Forum Moderators: Robert Charlton & goodroi
The best way in my opinion to try to attempt to stop a site beeing hijacked is to ensure pages are only served one way by dealing with any canonical issues. There some great advice on this from matt cutts
[mattcutts.com...] Basicly redirect non www. to www and "/index.html" to "/".
What is a hijack?
"A page hijack is a technique exploiting the way search engines interpret certain commands that a web server can send to a visitor. In essence, it allows a hijacking website to replace pages belonging to target websites in the Search Engine Results Pages ("SERPs"). "
from [clsc.net...]
How can I tell if I have been hijacked?
Use googlesitemap creator to crawl your site. You should then make a note of the number of pages on your site. Now run site:www.yoursite.com on google. If the number of pages in google is vastly higher than the actual number of pages on your site you "may" have some hijacked content.
How can I find who's hijacking me?
You can use your logs to do this. Because a hijack relies on mirroring your pages they will start comming up as a refferer to your site. So have a good look at the people reffering traffic to your site and compare them to a few months ago. Now check out the new sites referring by visiting each one. A hijacker site in my experience often use's a numeric or gibberish domain name and typically run with extension of .com and .net . Also look for adult content sites reffering and treat them as suspect.
Ok I have my list What Do I do Next?
Report them. Explain what tests you have made and list the refferers you find suspicious to [google.com...]
The good news is its very easy to find and very easy to get rid of.
To find search on google "unique text" on your site start with your homepage and use "google alerts" as previously mentioned.
To cure block the site url and ip in .htaccess as previously described and most important of all fill out a spam report on google.
[google.com...]
They really do take notice.....
Ok new years resolution , stop bashing G so much, there not all bad.

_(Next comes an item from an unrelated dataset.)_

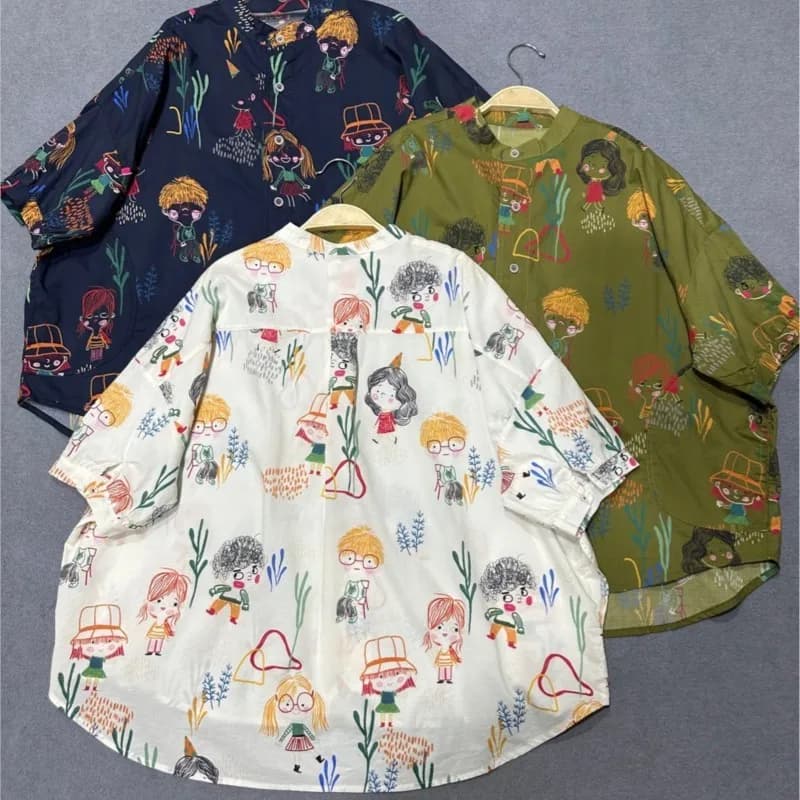 JohnMobyJapanese-Chemises courtes en coton pour femmes, chemisier en Y, mince, décontracté, simple,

Important to note this type of hijack will not show as a refferer in your logs
[edited by: Pirates at 1:14 am (utc) on Dec. 19, 2006]
Can you provide a definition of hijacking to understand you better? Also please tell us if your site has been attacked or not.
In your definition of hijack in your initial post you define it as:
"A page hijack is a technique exploiting the way search engines interpret certain commands that a web server can send to a visitor. In essence, it allows a hijacking website to replace pages belonging to target websites in the Search Engine Results Pages ("SERPs"). " from that page..
That page does not speak about scrapping (e.g.: copying a site A's page and presenting it on the hijacking domain)
It speaks about 302 redirects and the problem Google has identifying the original (source) from the copied (hijacker from what you mention on your other posts, scrapper according to what I know).
The 302 issue does not have anything to do with scrapping (copying parts of your site or parts of a page on your site).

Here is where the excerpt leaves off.